In 2015, Hamilton not only won the title with three races remaining, but did so thanks to an error by Rosberg, who let Hamilton pass him and win the U.S. Grand Prix in Austin, Texas, and the title.
“That was a big turning point,” Rosberg said Sunday. “Austin was a horrible experience for me.”
He went on to win the final three races of last season and then the first four races of this season, proving that a new, more determined and focused Rosberg had arrived.
But the emotional cost of a full season of complete concentration against a teammate whom he called “the benchmark” of racing drivers was clearly a price he did not want to continue paying for victory.
“This season, I tell you, it was so damn tough,” he said Friday.
He spoke this season of how the birth of his daughter in August 2015 had made him stronger. But family responsibility is likely also a reason for his retirement decision.
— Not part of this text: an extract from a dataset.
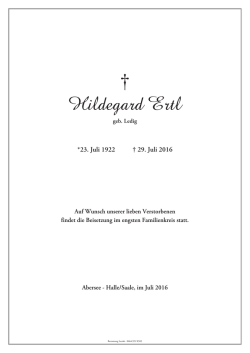 Hildegard Ertl - Bestattung Lesiak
“I cannot find enough words to thank my wife, Vivian; she has been incredible,” he said in his statement. “She understood that this year was the big one, our opportunity to do it, and created the space for me to get full recovery between every race, looking after our daughter each night, taking over when things got tough.”
Mercedes boss Toto Wolff applauded Rosberg’s decision.
“This is a brave decision by Nico and testament to the strength of his character,” Wolff said. “He has chosen to leave at the pinnacle of his career, as world champion, having achieved his childhood dream. The clarity of his judgment meant I accepted his decision straight away when he told me.”